I'm not going to put Senator Clinton's faith under the microscope, nor various policy positions on which the Bible is silent. But her defense of abortion can't be squared with a single scripture. Would the Fellowship (see the article) embrace a "godly" politician whose only foible seemed to be misdemeanor stealing (or rather defending those who steal)? Having just read the autobiography of Mike Timmis (current chairman of the Board of PFM), I know that Fellowship leader Doug Coe wisely challenged Mike to leave the celeb Christian speaking circuit and get things right with his family--extremely valuable advice given what happens next in Mike's story.

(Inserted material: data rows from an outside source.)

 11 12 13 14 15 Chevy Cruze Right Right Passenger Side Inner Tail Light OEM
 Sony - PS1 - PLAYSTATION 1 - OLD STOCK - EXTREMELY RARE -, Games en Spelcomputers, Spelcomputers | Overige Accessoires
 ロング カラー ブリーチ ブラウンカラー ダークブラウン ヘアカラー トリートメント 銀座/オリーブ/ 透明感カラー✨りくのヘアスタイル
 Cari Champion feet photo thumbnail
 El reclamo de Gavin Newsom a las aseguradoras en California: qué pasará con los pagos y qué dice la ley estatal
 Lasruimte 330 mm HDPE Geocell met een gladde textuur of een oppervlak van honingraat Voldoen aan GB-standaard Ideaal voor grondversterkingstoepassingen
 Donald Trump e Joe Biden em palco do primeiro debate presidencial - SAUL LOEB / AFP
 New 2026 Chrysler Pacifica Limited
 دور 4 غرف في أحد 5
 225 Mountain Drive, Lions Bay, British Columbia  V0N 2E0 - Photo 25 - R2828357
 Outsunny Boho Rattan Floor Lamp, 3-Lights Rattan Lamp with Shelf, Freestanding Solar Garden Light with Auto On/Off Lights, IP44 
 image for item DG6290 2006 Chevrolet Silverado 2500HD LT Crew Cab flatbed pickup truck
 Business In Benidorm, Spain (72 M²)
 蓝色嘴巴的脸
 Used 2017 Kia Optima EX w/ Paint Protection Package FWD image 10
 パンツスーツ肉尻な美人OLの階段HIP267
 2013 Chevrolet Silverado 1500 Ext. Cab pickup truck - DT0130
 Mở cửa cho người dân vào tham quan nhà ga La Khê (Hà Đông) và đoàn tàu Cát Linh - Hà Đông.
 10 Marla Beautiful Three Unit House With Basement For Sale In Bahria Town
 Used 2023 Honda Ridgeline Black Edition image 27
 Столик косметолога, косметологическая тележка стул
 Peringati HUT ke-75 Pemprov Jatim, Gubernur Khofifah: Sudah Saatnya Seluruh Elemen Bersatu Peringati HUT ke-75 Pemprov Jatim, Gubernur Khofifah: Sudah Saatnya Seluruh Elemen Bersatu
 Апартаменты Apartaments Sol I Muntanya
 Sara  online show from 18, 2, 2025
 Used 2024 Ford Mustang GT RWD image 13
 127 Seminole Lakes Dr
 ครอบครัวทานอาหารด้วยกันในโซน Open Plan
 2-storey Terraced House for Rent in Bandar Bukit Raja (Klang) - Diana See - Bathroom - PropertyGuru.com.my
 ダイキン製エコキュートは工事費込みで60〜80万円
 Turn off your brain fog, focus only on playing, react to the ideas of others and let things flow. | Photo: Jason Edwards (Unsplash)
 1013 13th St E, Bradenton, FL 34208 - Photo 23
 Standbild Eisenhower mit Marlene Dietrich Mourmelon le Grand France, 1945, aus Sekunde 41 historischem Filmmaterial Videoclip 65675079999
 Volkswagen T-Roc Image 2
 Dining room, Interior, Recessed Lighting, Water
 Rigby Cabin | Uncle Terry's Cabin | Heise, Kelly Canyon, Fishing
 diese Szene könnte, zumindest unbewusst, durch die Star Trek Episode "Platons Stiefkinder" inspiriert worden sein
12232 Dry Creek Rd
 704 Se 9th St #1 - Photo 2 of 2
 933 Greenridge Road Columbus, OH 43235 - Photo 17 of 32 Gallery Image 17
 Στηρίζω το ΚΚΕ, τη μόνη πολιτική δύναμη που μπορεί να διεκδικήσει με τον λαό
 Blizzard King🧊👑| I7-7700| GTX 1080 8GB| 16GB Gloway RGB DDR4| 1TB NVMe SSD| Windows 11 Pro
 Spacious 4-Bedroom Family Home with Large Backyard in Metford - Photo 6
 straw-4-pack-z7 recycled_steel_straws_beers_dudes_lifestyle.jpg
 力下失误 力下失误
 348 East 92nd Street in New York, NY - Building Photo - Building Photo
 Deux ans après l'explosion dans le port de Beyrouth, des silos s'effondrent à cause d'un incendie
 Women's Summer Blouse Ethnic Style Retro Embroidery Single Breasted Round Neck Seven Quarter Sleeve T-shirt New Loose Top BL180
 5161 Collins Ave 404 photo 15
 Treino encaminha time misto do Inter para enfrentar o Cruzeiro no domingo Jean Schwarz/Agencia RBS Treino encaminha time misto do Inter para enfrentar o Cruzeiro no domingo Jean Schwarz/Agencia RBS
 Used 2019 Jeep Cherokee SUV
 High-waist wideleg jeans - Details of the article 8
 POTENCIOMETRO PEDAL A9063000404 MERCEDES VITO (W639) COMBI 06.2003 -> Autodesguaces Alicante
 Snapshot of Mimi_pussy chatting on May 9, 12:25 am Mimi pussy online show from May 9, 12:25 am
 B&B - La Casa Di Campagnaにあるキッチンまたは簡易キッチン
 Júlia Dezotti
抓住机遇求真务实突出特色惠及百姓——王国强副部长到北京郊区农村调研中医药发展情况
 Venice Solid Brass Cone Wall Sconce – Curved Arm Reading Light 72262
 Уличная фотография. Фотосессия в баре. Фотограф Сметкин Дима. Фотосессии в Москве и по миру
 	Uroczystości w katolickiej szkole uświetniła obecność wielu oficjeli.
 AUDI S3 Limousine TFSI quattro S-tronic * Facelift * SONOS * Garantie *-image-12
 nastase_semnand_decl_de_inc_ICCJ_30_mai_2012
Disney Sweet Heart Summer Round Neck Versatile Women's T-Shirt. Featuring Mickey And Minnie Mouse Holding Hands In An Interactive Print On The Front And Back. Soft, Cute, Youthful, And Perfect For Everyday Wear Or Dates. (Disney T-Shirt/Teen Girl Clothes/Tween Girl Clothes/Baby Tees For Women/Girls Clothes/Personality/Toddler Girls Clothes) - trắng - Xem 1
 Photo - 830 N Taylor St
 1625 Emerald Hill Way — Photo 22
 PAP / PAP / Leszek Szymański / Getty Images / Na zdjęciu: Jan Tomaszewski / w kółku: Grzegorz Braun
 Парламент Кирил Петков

Has the Fellowship ever said to Senator Clinton, "Get out of politics until you get square with God and His position on unborn life?" For that matter, should the church Senator Clinton attends counsel her along these lines?


Comments:

The problem is that abortion has become a political issue, which at times takes away from that fact that it's a spiritual issue. I like what Jeff said about that this is an issue between Hillary and the followers of Jesus that are hopefully in her life and have access to talk to her about things in her life that are wrong and not glorifying to God. We've all got the areas of our lives that are sin that we may not be able to see clearly but are evident to those who care about us. We need to intentionally have true community with other Christ followers that we've given permission to speak into our lives and hold us accountable. It's not fun, and most of the time we don't want to hear it, but that's why it's so important to make sure those people are mature followers of Jesus and have our best interest at heart. This isn't something that should be handled through politics. It doesn't do much good at all for me, someone who doesn't have a relationship with Hillary to speak at her about where she is disobeying God. That just fuels the idea that this is a political issue and probably pushes her more in that direction. I pray that she has those people in her life that care about her that have the courage to do what we're called to as believers and speak into her life about the incosistency with her beliefs about this issue and what God thinks about it. Then I hope she responds as she should and sees her sin, repents, and makes it right. I can disagree strongly for her stance for all the reasons we should, and I can not vote for her b/c of that reason and others, but I hate that this is a political issue b/c it makes many people forget exactly what the issue is we're dealing with and the seriousness of it. I liked it better when it was a spiritual and moral issue.
It's more than distasteful. It's one of the hardest decisions a mother-to-be will ever make. I'm so glad, though, that there are Christians about that can welcome a Hillary Clinton into their midst without having to "counsel" her with their opinions about what God thinks about her ideas about complex difficult issues. I remember in the church I grew up in, it was all to common to hear sentences starting with "Well *God* says ..." It's *so* astoundingly offputting. Even "Well *I* think ..." ought to be said with some degree of ... humility/ability to allow the other to disagree. I find it astoundingly kewl that the fellowship you speak of is more interested in real fellowship than in correcting other people's political views.
John Newton took several years before realizing that industrialized kidnapping was a form of oppression. We can't always be sure a Christian who is pro-choice is a hypocrite.
The article on Senator Clinton's faith, at the end of the article, stated, "killing unborn babies is so distasteful"... I'd like to make a point on the word to kill. I believe the correct word to be used is to murder. A killing can often be justified an sometimes necessary, whereas a murder is always an unjust killing such as the defenseless abortions in our society.